— EXERCISE INPUT —
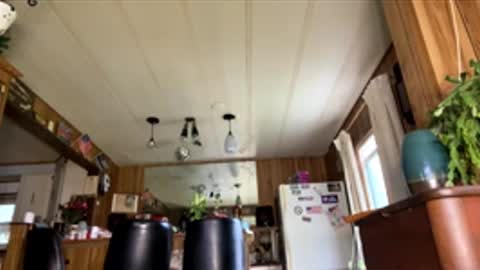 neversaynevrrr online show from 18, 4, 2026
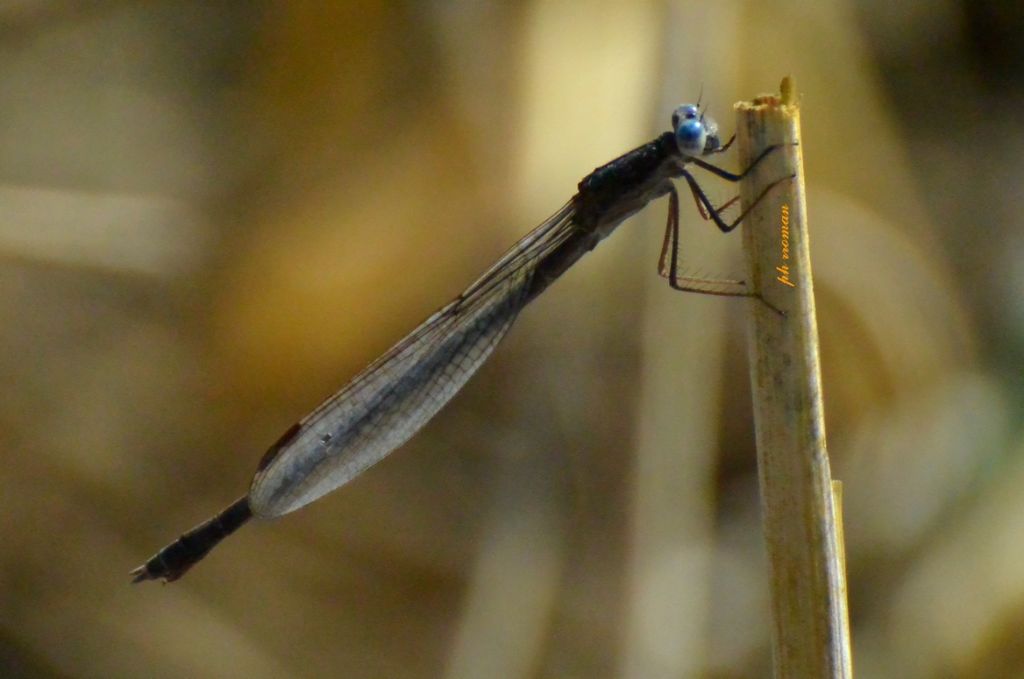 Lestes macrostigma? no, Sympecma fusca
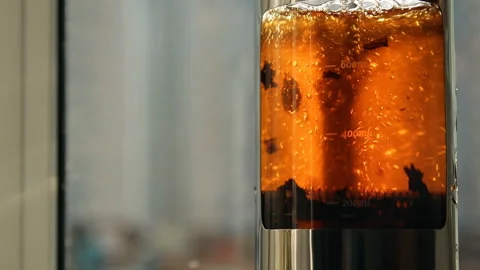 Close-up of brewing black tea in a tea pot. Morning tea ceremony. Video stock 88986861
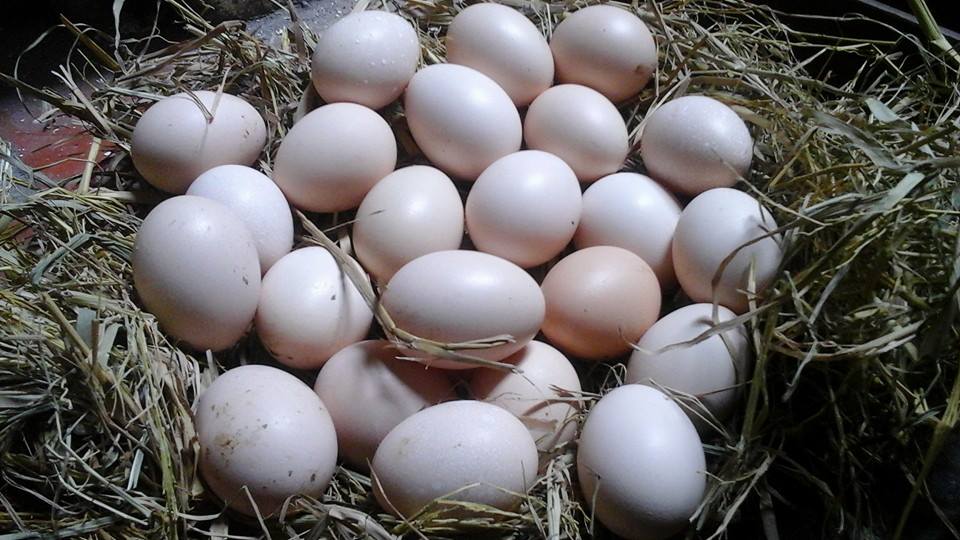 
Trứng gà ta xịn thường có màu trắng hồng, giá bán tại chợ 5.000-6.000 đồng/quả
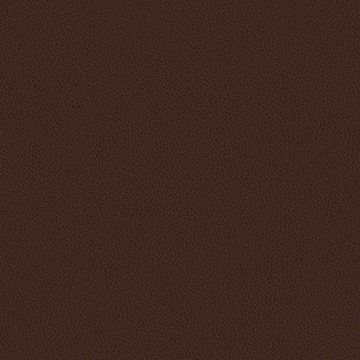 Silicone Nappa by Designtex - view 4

...

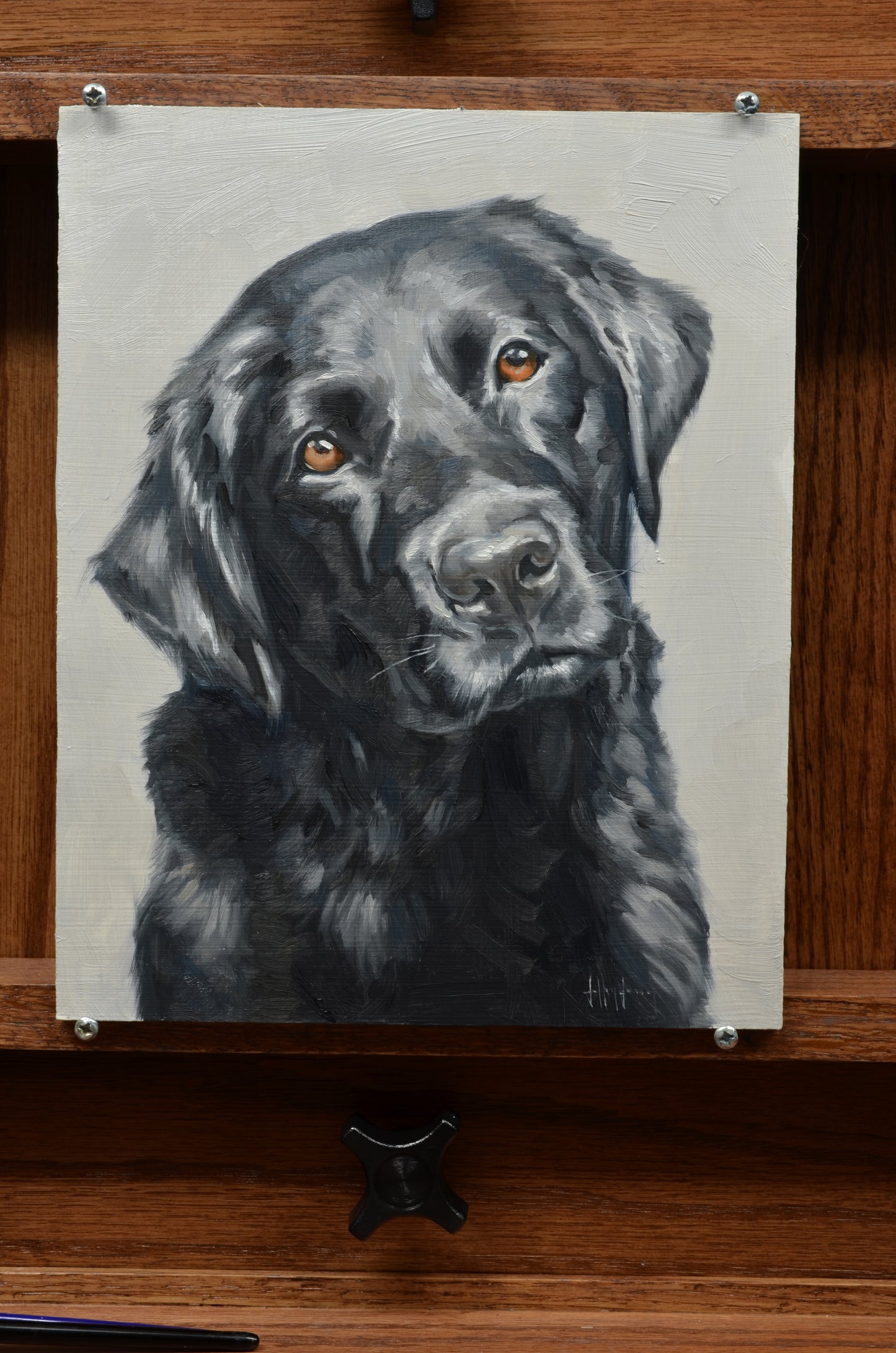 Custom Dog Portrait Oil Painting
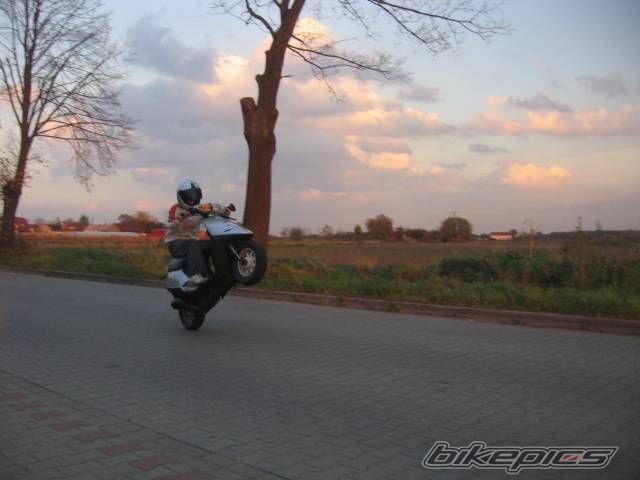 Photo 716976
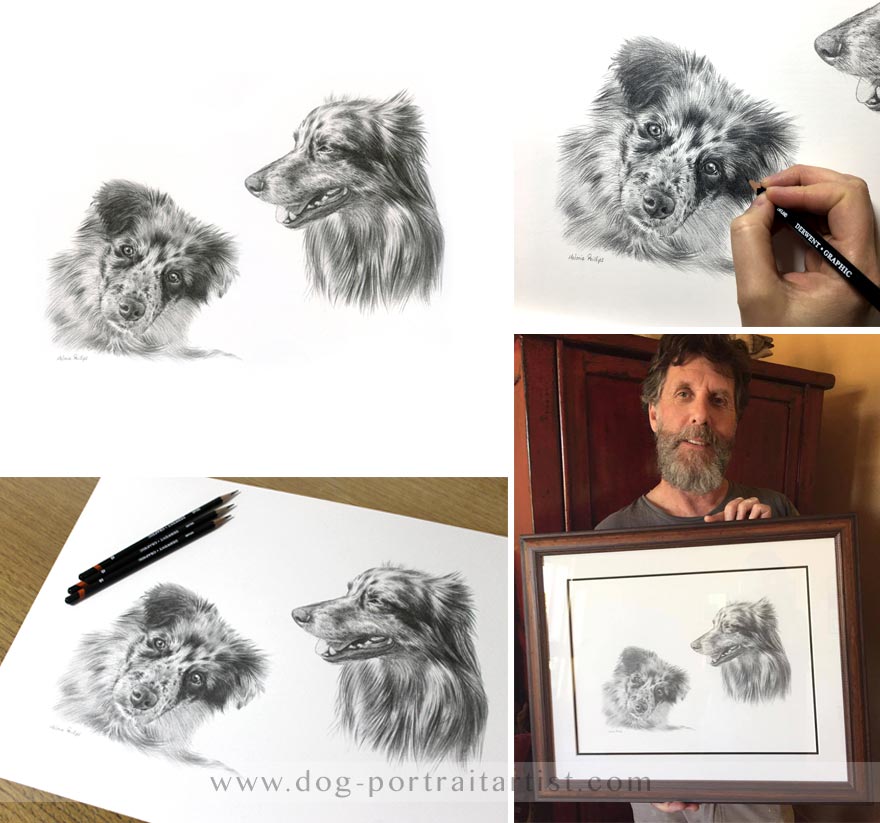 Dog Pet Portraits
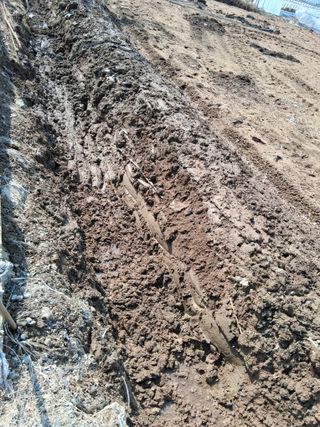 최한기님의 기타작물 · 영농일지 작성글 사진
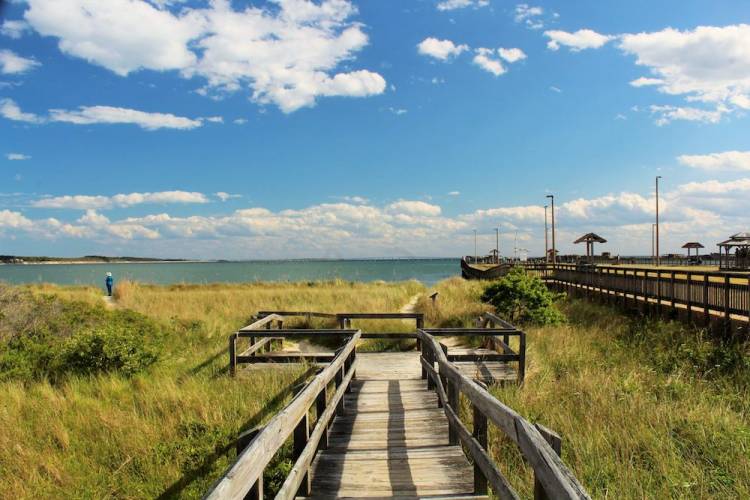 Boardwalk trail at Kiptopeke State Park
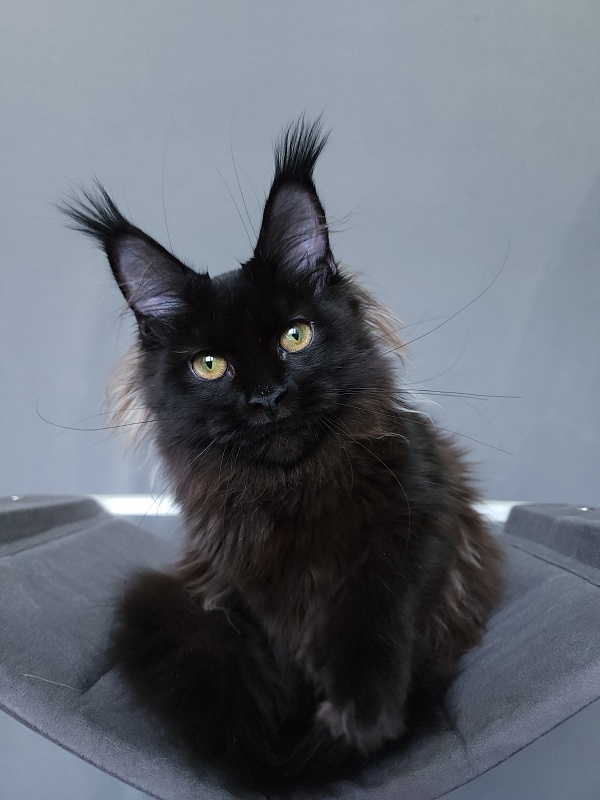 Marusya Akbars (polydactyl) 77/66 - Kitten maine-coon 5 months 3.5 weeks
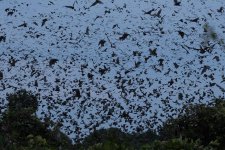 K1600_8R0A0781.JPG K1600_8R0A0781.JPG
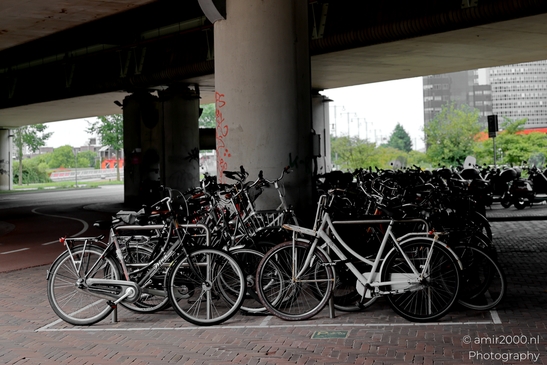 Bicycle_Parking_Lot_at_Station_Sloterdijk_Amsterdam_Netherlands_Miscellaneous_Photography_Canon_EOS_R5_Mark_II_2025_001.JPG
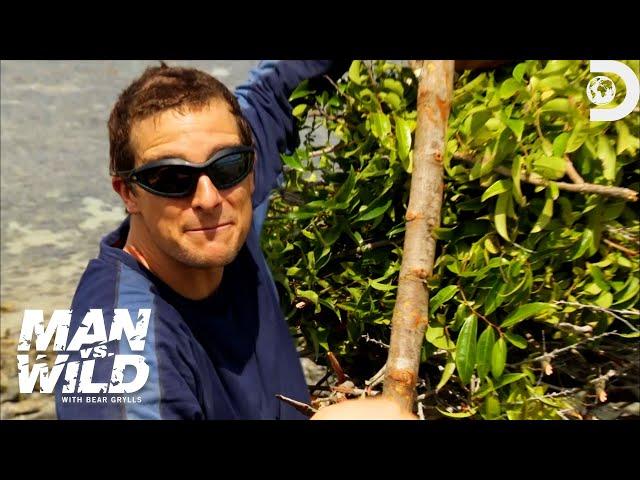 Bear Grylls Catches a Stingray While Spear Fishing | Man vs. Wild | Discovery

— ACTION ITEM —
Set the pictures aside and reproduce exactly the lines above, from the line holding "Close-up of brewing" through the line holding "Silicone Nappa by Designtex - view 4", both included, with nothing else.

— SOLUTION TO THE EXERCISE —
 Close-up of brewing black tea in a tea pot. Morning tea ceremony. Video stock 88986861
Trứng gà ta xịn thường có màu trắng hồng, giá bán tại chợ 5.000-6.000 đồng/quả
 Silicone Nappa by Designtex - view 4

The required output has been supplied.